People who had fled the violence in the province of Tanganyika returned to their land in 2019 and 2021. Since their return, they had been trying to get back to their normal way of life, including growing tuber crops to feed their children and the rest of the family. Then came a heavy blow – a blight known as mosaic disease appeared, causing considerable damage to their crops.
Safi Asani sits under a mango tree, not far from her hut, peeling a pile of thin, dry cassava tubers. They were pulled up before they were fully grown to prevent them from rotting. “A neighbour gave them to me; we help each other out here. I’m going to grind them to make flour, which I will use to prepare fufu for our meal today,” she says.

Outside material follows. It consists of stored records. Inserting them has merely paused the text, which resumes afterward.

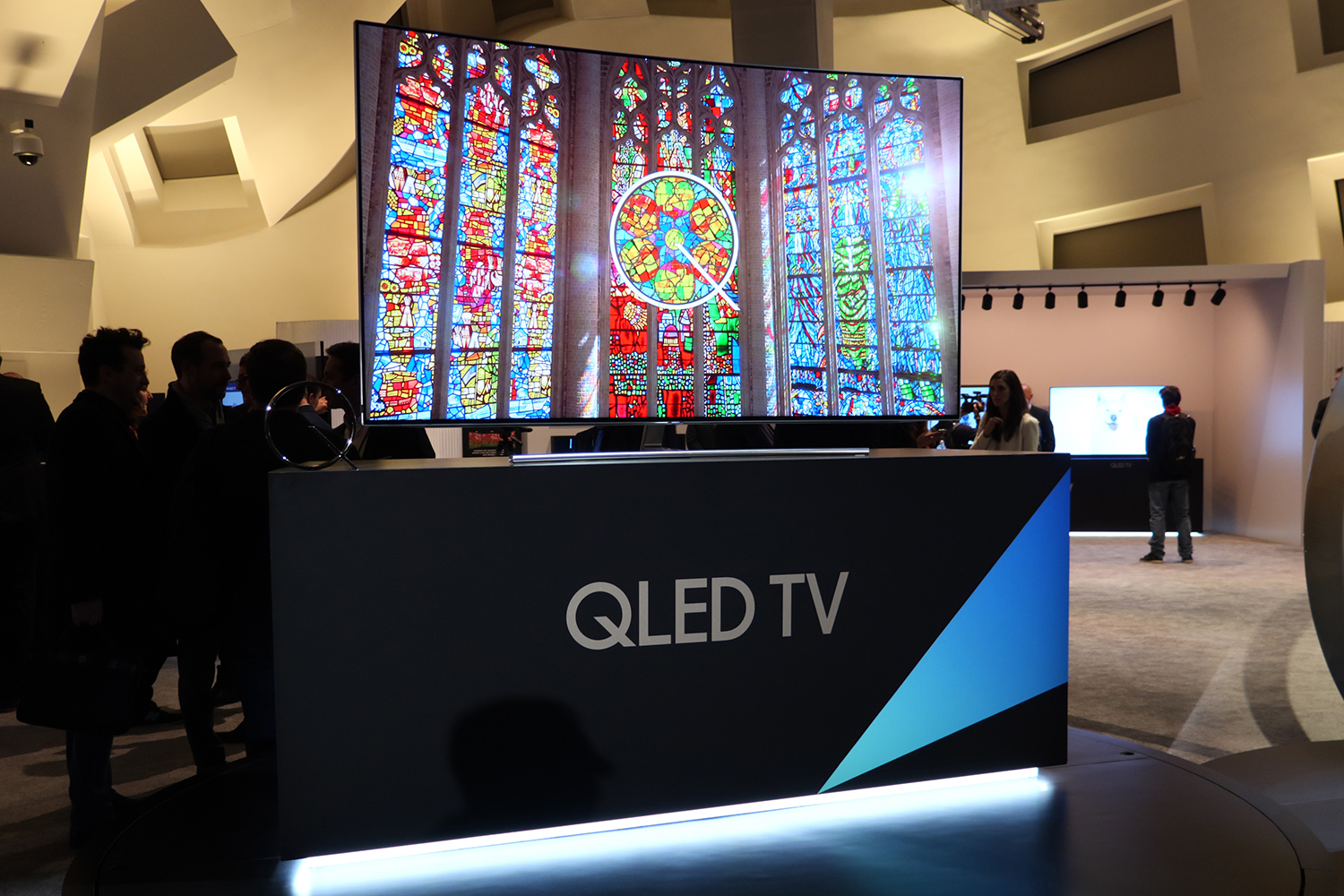 Samsung QLED vs. OLED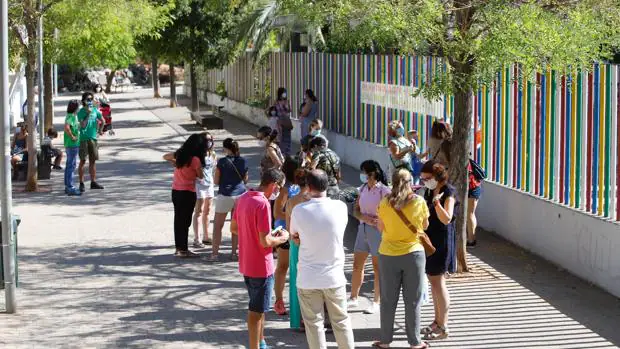 Sólo 36 profesores secundan hoy la primera huelga en colegios en Andalucía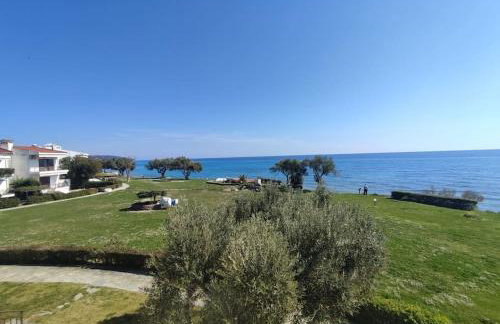 Beachfront Charming Maisonette - Foto 9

Some of Safi’s and her co-wife’s children stand around her watching while others play a little way off. Hundreds of families that had fled because of inter-community violence returned to their land in Kilasi and some other neighbouring villages in the northern part of Tanganyika in two waves in 2019 and in 2021.
Since their return, most of the families have seen their new cassava crops affected by mosaic virus, a plant disease that causes leaf discoloration and root rot.
“We use cassava leaves as vegetables, and we also grind tubers into a flour used to make cassava paste, which is the basic ingredient for our daily meals; but this disease has caused a lot of damage to our crops!” laments village chief Abdala Kisimba.
Struggling to ensure a sufficient and balanced diet
In Tanganyika, there are various household profiles: families displaced by violence, those returning to their land after fleeing and those that stayed put. Whatever their profile, they have all seen their livelihoods disrupted by bad harvests and inter-community violence. They are struggling just to give their children a meal every day.
In Kilasi, there are no hens clucking or goats bleating in people’s yards. Children’s laughter and birdsong are the only sounds that break the village’s silence. The distance of the village from bodies of water means that fish rarely features in their diet. The same goes for meat; Kilasi villagers are afraid to venture too far into the bush to hunt in case they encounter armed men, and they still do not have the means to raise livestock.
“In Tanganyika, agricultural activities are the main source of household income. When people cannot farm their land or hunt, their already difficult living conditions get even worse,” explains Maya El Hage, head of the International Committee of the Red Cross (ICRC) subdelegation in Kalemie.
In these circumstances, humanitarian aid is sometimes the only chance people have to start farming again so that they can provide for their families and ensure they have enough food to eat.
Developing green fingers
In 2020 and 2022, following the return of families that had fled the violence, the ICRC delivered emergency aid to 4,000 households (food and cooking utensils).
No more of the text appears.